Example simple graph
CREATE (:Thing {name: 'thing1', listprop: ['thing1', 'alias', 'alias 2']})
CREATE (:Thing {name: 'thing2', listprop: ['thing2', 'aka', 'another thing']})
Desired index:
'alias' → (thing1)
'alias 2' → (thing1)
'aka' → (thing2)
'another thing' → (thing2)
Intended Use
CALL apoc.load.json(url) YIELD value
WHERE exists(value.name)
OPTIONAL MATCH (prime:Thing {listprop: value.name})
USING INDEX prime:Thing(listprop)
WITH value as imported, CASE WHEN prime IS NOT NULL THEN prime ELSE value END AS target
MERGE (x:Thing {name: target.name})
SET x = target
SET x.listprop = apoc.coll.toSet(target.listprop + imported.name)
MERGE (:Meta {usefuldetail: 'graph-power'})-[:ABOUT]->(target)
DEPRECATED (will be removed in Neo4j 4.x):
Neo4j, Cypher Manual indexing, and apoc.index.*
.
That leaves four ways to accomplish this goal, all of which are bad options:
- Create a node for every property in the lists being indexed.
- Significantly inflates your DB, and is not ideal when needing an index for large and complex graphs, which is the primary application for this kind of index.

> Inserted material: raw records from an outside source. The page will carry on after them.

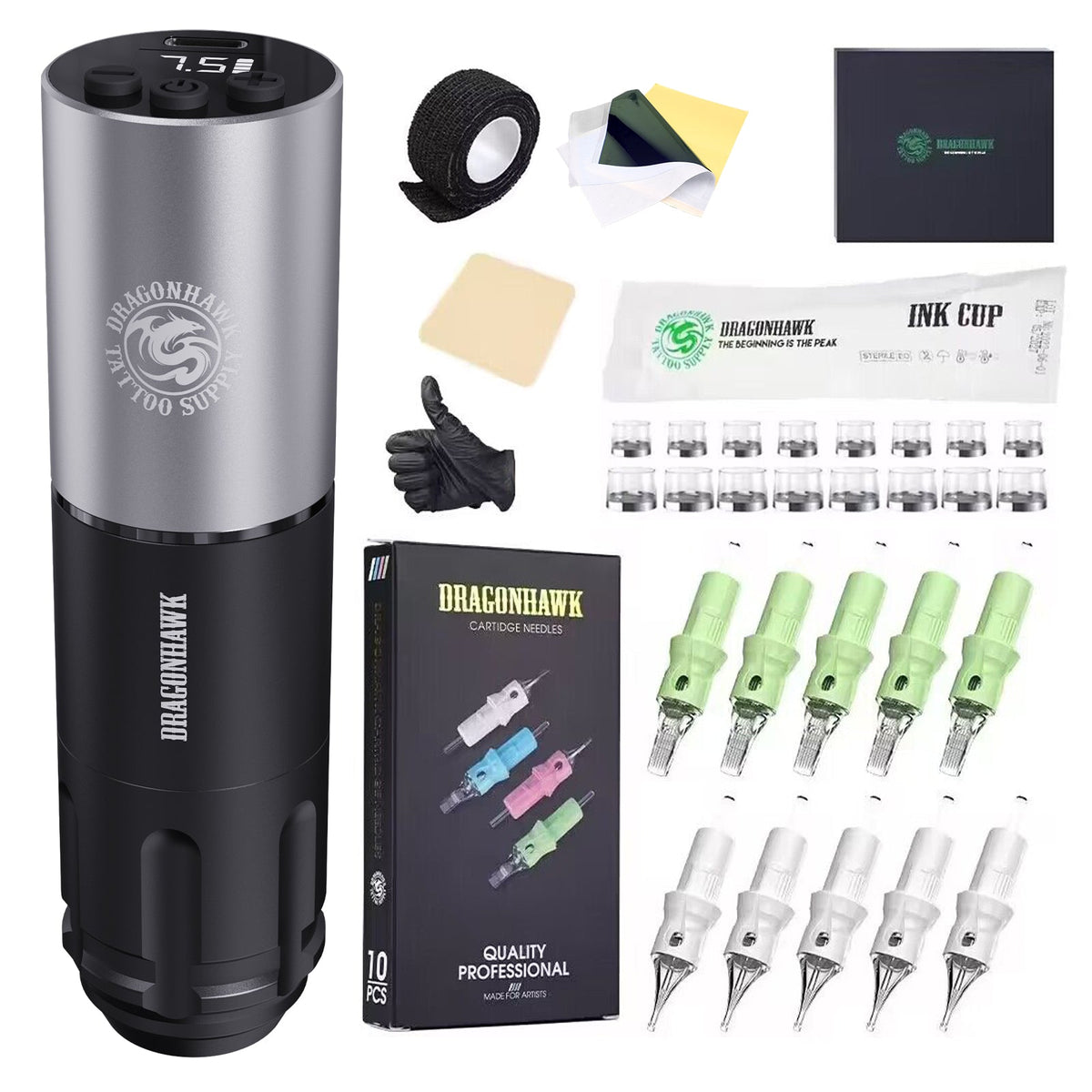 Dragonhawk A1 Wireless Pen Machine Kit for Beginners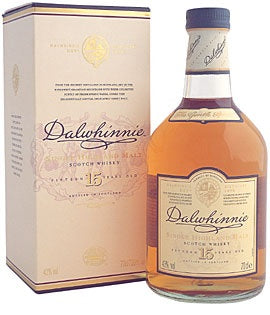 Dalwhinnie - Single Malt Scotch 15 Yr Speyside (750ml)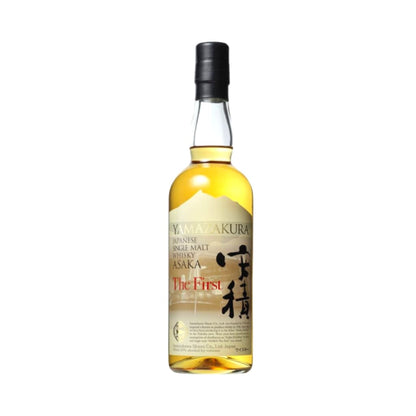 Yamazakura "The First" Japanese Single Malt Whisky 70cl - Asaka Distillery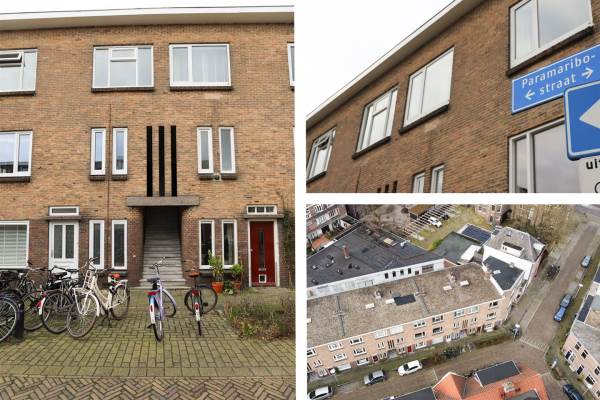 Woning Paramaribostraat 15 Utrecht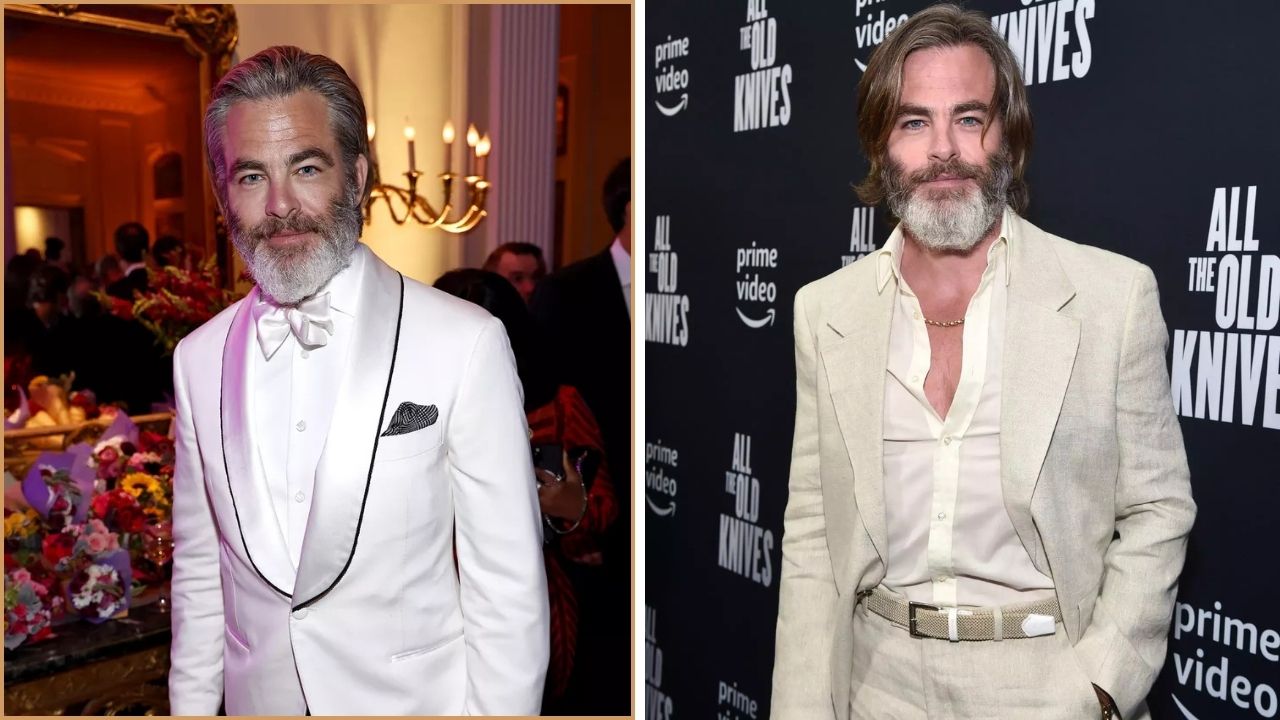 Chris Pine The 70s-Inspired Blouse Era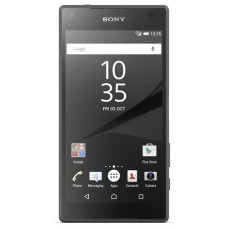 Смартфон Sony XPERIA Z5 Compact 4.6" 32GbBlack 8(4x2/4x1.5Ghz)/2048Mb/1280x720/IPS/3G/LTE/GPS/NFC/Cam23/2700mAh/And 5.1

- Use manual indexing, locking the application to Neo4j 3
- Build a Lucene anaylzer specific for the purpose.
- Convert the list to a single string, replacing spaces with underscores, and useing the
whitespace
fulltext index analyzer.
I suspect I'm missing something simple, and I may simply go the way of option 1 in the interest of preserving data. However, in many cases, including mine, this creates an n-to-n problem, where the resulting data will be Nodes^n resulting nodes and relationships, effectively many times larger than necessary.
Am I missing something obvious to anyone?